4.2. EXTRACTING THE UNDERLYING KNOWLEDGE GRAPH

Predicting a knowledge graph has a complexity of at least O(N 2 ) in the number of analyzed concepts. In our case, this imposes a highly demanding computational obstacle because WordNet has over 82000 noun synsets. To accelerate experimentation and to facilitate our analysis and visualizations, we focus on extracting a WordNet sub-graph that comprises only 46 nodes. These nodes are picked to include easily recognizable relations. We use the tree-edit-distance to evaluate how close are the reconstructed graphs to the target graph extracted from WordNet. Table 2 shows our results. Table 2 : Tree Edition Distance against the ground truth graph (large models used). We display both strategies for estimating d e along with their average score. Table 2 shows that the knowledge graphs retrieved using CE models are closer to the target than graphs provided by NCE and GLM models.
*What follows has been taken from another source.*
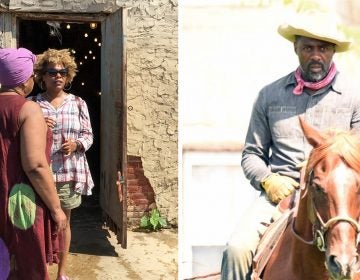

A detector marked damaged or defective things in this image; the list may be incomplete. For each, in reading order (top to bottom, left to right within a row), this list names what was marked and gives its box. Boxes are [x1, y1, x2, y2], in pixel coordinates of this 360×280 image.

peeling paint wall [124, 0, 179, 225] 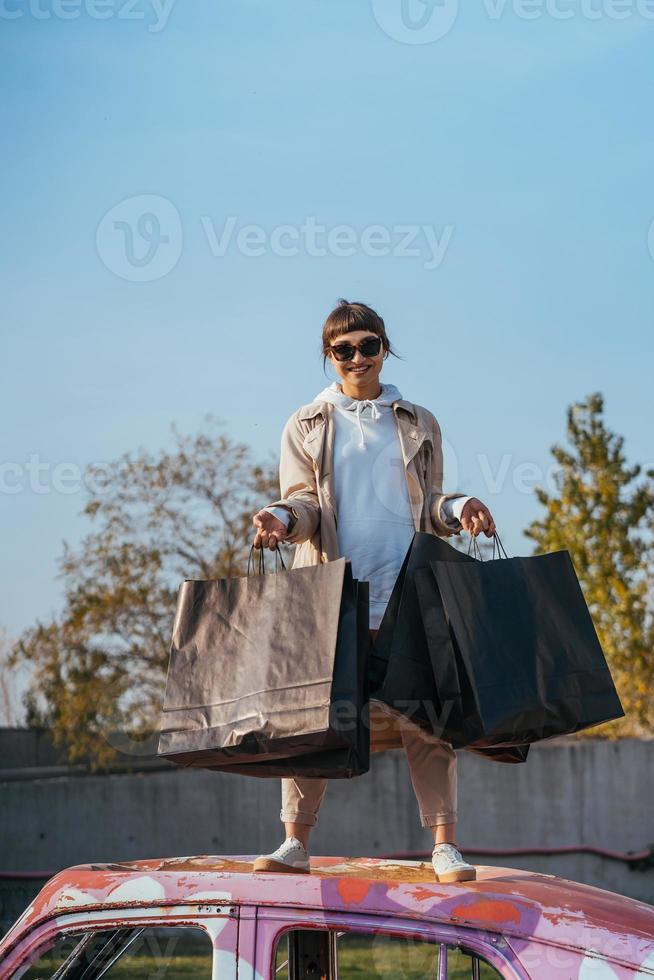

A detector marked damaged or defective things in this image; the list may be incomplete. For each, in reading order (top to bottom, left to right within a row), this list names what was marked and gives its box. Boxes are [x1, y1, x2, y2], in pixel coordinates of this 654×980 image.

rusty car roof [1, 852, 654, 968]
In particular, the best results are achieved by BERT, ALBERT, and XLNet, indicating that these models encode more accurate semantic information than the alternative models. These results are consistent with those obtained in Section 4.1. Visual inspection of the reconstructed graphs as the one found in Figure 2 reveals that models capture some key categories but fail to map some fine-grained relations.

5. WHAT IS EASY OR HARD? WHAT ARE THESE MODELS LEARNING?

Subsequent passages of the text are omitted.